Start letting go and there’s generally more of it to do than you planned.
Back in England we have a seaside home, an apartment in a former Victorian hotel with bay windows giving 180 degree views over the North Sea. On returning I sat and looked out, checking my emotional attachment to the place, and realized I could let this go too.
There’s a shift in the UK to double property taxes on second homes, which prompted the move. It has now sold to a lady who his downsizing from her bungalow in the town. And so in the next month we’ll find new homes for all the furnishings and let her move in.
That seaside place was our haven during Covid. It will be sad not to have access to it. But not being there means we’ll be elsewhere. Somewhere we wouldn’t otherwise have been. Letting go of what you know means letting in the new.
I have a trick for letting go of what you have. If you saw it in a charity store, would you pay a pound for it? Often the answer is no. You were glad of it once, but you’ve had your time together.
Similarly with books. They accrue. Do you need more bookshelves or fewer books? I know we don’t need more shelves.
Once I spent an evening sitting on my kitchen floor, grieving the end of a relationship. I had fantasies of future moments together that were clear in detail, like memories of the future. One by one I brought them to mind and then let them go. That shared fish dinner on a table overlooking the Mediterranean? Puff. It vanished into nothing. I let go of a future that didn’t want to happen.
I’ve since told this to James, as we supped on fresh fish and sipped chilled white wine with Mediterranean waves crashing onto rocks beneath us. Letting things go: leaving room for the new to come in.
The first time I arrived in Australia, picking my single bag off the luggage carousel at Sydney airport, my immediate thought was, ‘This will do! Let’s stay here, start afresh, and leave everything else in our lives behind.’
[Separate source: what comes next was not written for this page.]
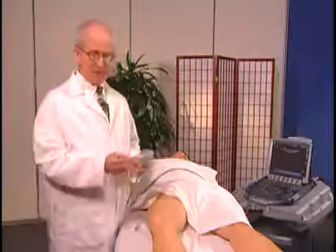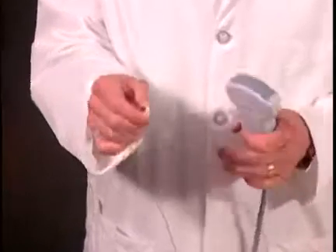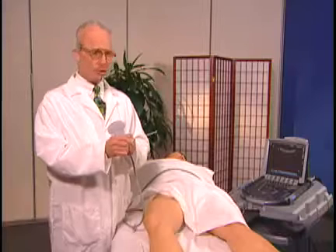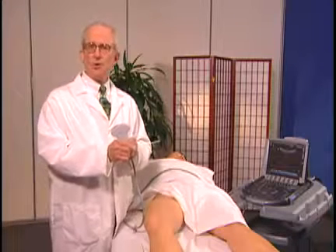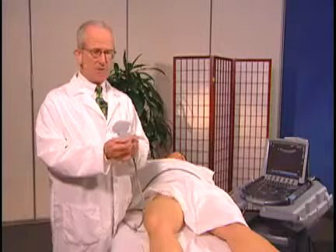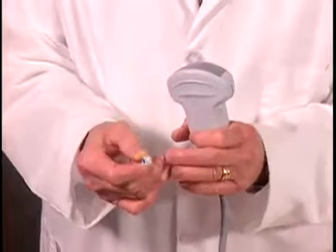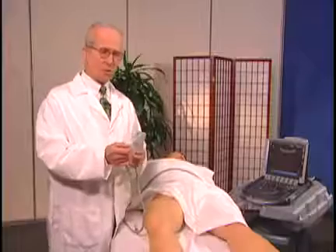The needle I've selected is an echo block needle. This is a hundred-millimeter, approximately four-inch needle. You can also use a spinal needle, but in an individual who's large, sometimes you need a special needle like this, which has marks on it that reflect the ultrasound beam and make it much more visible.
Of course, that was fanciful. We were on a three-week trip, and you can’t walk away from financial and bureaucratic encumbrances.
Unless you die. I often reflect on the fact that I could so easily have died, yet haven’t. In that light, still being alive is a great gift. Everything could have been over. Instead I’m still here. In which case, do I want to just resume my old life, or try something fresh?
The photo for this piece is of a lady I saw on Lowestoft’s beach. She stood with her two bags in hand, staring out to sea, so totally still that for minutes I wondered whether she was an art installation. Then she moved a little way and stood motionless again.
I wish her, and everyone, somewhere safe to be.